Там мы хорошо работали и приучились действительно к серьезной, хорошей, научной работе как полевой и экспедиционной, так и лабораторной. Это самое главное было. Кто-то занимался планктоном, вроде меня, кое-кто донной жизнью, кое-кто макрофитами, тем, что вы, не ученые, называете тростник, камыш, рогоз и всякая прибрежная растительность. Кто-то рыбками занимался, кто-то насекомыми.
У нас очень чудно было под Москвой. К сожалению, значительных биостанций под Москвой не было. Студенческих биологических станций не было вообще. Сколь ни замечательно это, но в России студентам-биологам негде было заниматься летней практикой биологической. Ни в одном университете. А до революции Московский университет был самый большой по числу студентов в России. Студентов было пару тысяч. И была одна только Болшевская, малозначительная, там была пара мест на пару тысяч студентов. Так что в лучшем случае каждое лето полтора десятка студентов проходило через Болшевскую станцию. Ну, а потом вот Скадовский построил Звенигородскую станцию. Звенигородская самая значительная была и самая интересная в научном отношении.
Жили мы в те времена весело, масса там всяких историй происходила. От нас недалеко было до Глубокого озера[11], тридцать две версты, тридцать вдть километров с хвостиком. С Дмитрием Петровичем Филатовым мы туда бегом бегали. Мне-то пустяки, а он все-таки лет на 15 меня старше был, ему тогда было лет 40 уже. Ну, правда, для стайера-то лет 40 — не возраст. Но мы — никаких рекордов, не со спортивными целями, а просто, чтоб очень много времени не тратить: пешочком-то далеко идти, а мы отмахивали примерно за три часа.

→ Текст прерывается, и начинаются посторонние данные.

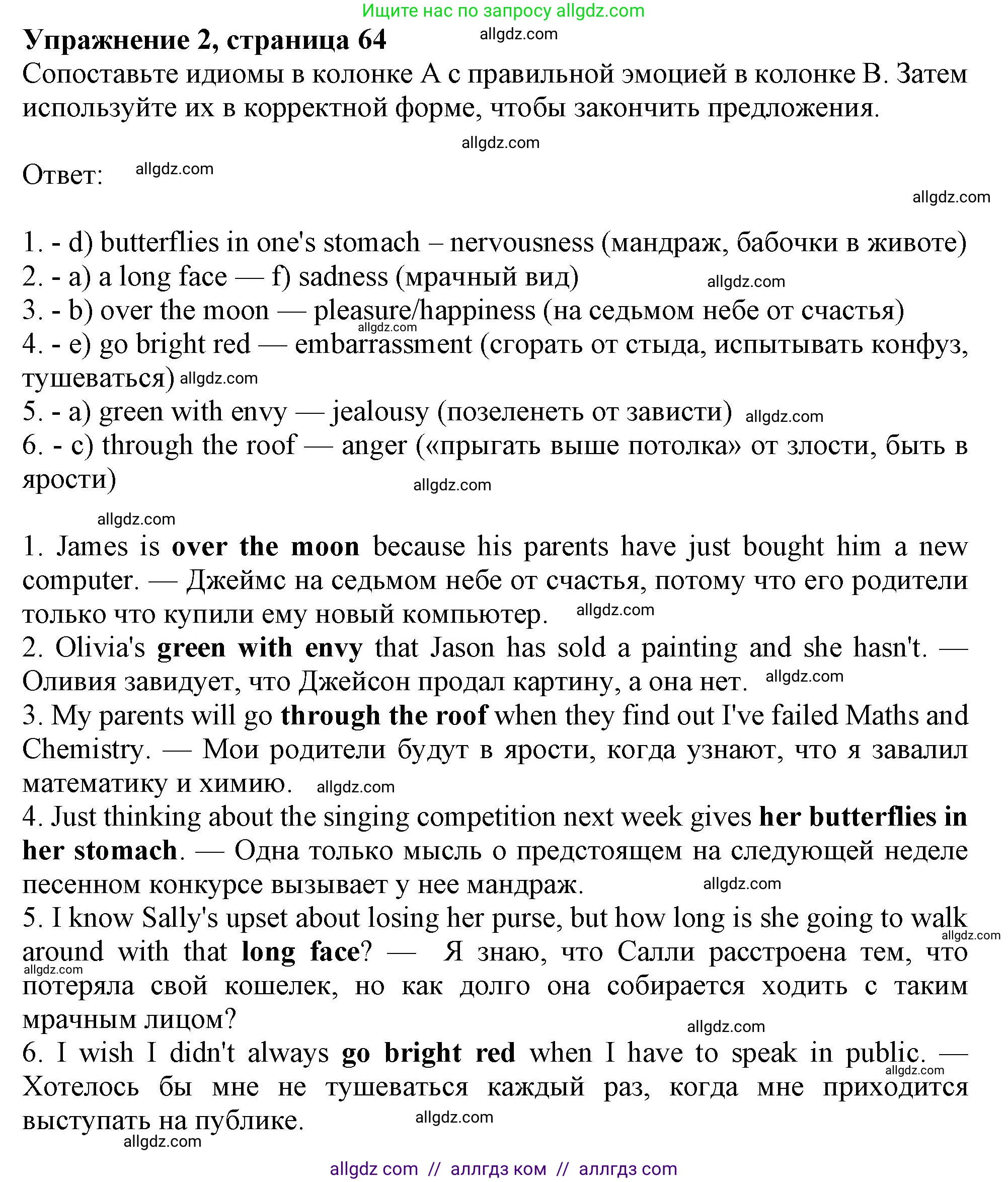 Английский язык (english), 9 класс Рабочая тетрадь (workbook), авторы: Ваулина Юлия Евгеньевна (Vaulina Julia), Дули Дженни (Dooley Jenny), Подоляко Ольга Евгеньевна (Podolyako Olga), Эванс Вирджиния (Evans Virginia), издательство Просвещение, Москва, 2024, страница 64, номер 2, Решение 1 (2024)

Дмитрий Петрович Филатов был первым по силе зоологом русским. Заварзин был вторым[12]. А третий — Алексей Всеволодович Румянцев[13]. На Глубоком озере и в Звенигороде у нас собирались они и боролись. Это было, когда вообще процветали еще науки. И Дмитрия Петровича Филатова никто положить не мог. Даже ежели мужик был здоровый, большой, вроде Заварзина... А у Дмитрия Петровича grip[14] был совершенно стальной. Он, значит, бородкой помотает, оглядится, оглядит своего противника — и цап его за обе руки, сожмет. И тот ничего, только извивается тихо, танец живота устраивает. Дмитрий Петрович и Заварзина обыкновенно клал, перебрасывал через себя и припечатывал. А Заварзин с Алексеем Всеволодовичем Румянцевым иной раз по полчаса, минут по сорок пыхтели безрезультатно. Причем мы эти схватки длинные Румянцева и Заварзина не любили по причине судейства. Нам приходилось судить. Штука сложная была, учитывать все эти... у кого какой захват... Но никаких неправильных приемов не было. Честная работа была. Это были любители, а не так, как у нас сейчас, профессионалы, за деньги.

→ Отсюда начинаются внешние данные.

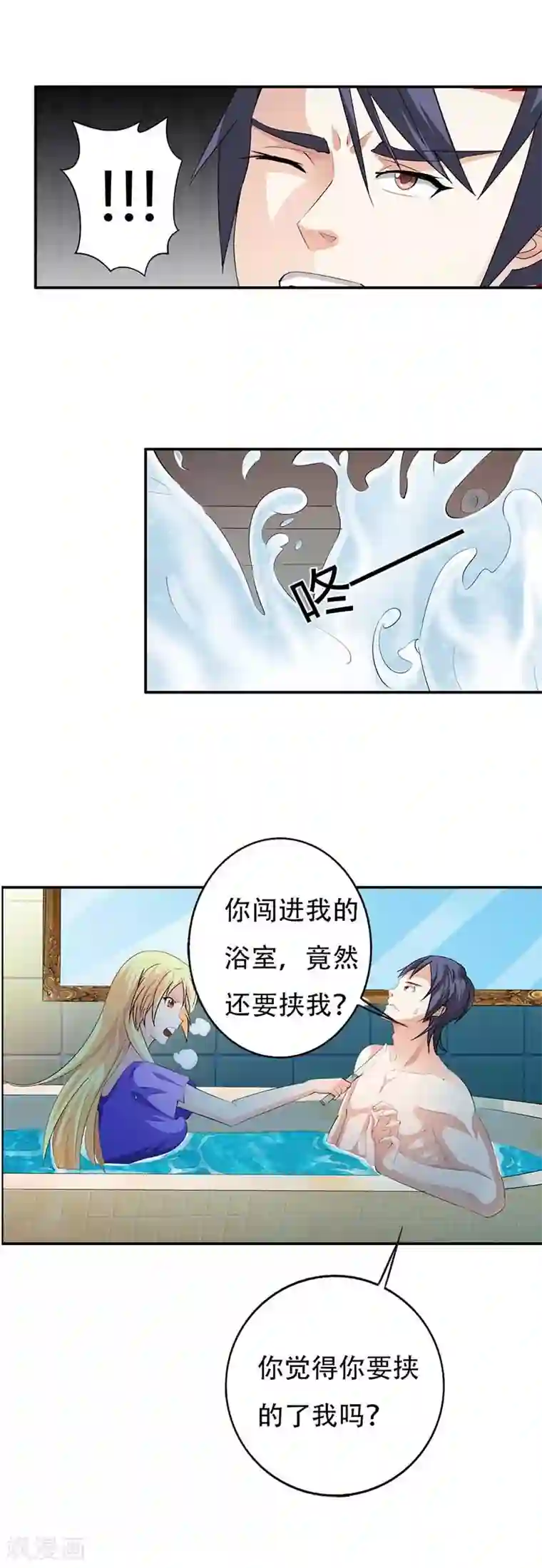 傲娇萌妻快投降第2话 这个女人竟敢来真的？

Как они боролись? В одеже? Вы под одежей понимаете «спинжак»? Ни боже мой! Кто же борется в спинжаке? В трусах боролись. Биостанции же были. А на Глубоком озере и вовсе без трусов можно было жить, потому что на Глубокое озеро бабий пол не допускался. За исключением Евгении Тихоновны... забыл фамилию, на букву «ш»... старейшая ученица Кольцова, дама на двенадцать пудов, объема необозримого. И так как никто не мог сказать, по причине необозримости, какого она пола, то, следовательно, она допускалась.

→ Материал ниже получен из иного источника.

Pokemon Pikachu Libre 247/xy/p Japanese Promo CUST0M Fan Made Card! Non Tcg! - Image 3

И было только известно, что когда Евгения Тихоновна погружалась для купания в Глубокое озеро, то озеро слегка выходило из берегов, и поэтому не рекомендовалось оставлять свои шмотки непосредственно у воды — унесет. И рассказывалось: с Евгенией Тихоновной произошел случай однажды. Вокруг Глубокого озера тогда еще бродили изредка лоси. И однажды случилось, что утром Евгения Тихоновна из своего сарайчика... В избушке жили мужики, а на отлете был маленький такой сарайчик, и там Евгения Тихоновна помещалась... Вот Евгения Тихоновна из своего сарайчика вышла купаться. Утром. Такое Глубокое озеро, над ним, как бывает утром, туман стелется слоями, солнышко восходит. А из леса — лось. Тут они и сошлись. И видел, уверяют, нынешний член-корреспондент бактериолог Кузнецов, очень милый человек[15], замечательный, его что-то тоже рано подняло. И видит он картину: лось стоит удивленный и головой помавает, как лоси иногда делают. А Евгения Тихоновна против него в чем мать родила и фыркает на него, по-видимому, старается доказать, что она купается, а не он. А лось потом слегка отвернулся для вежливости, чихнул, плюнул, повернулся и ушел. Вот.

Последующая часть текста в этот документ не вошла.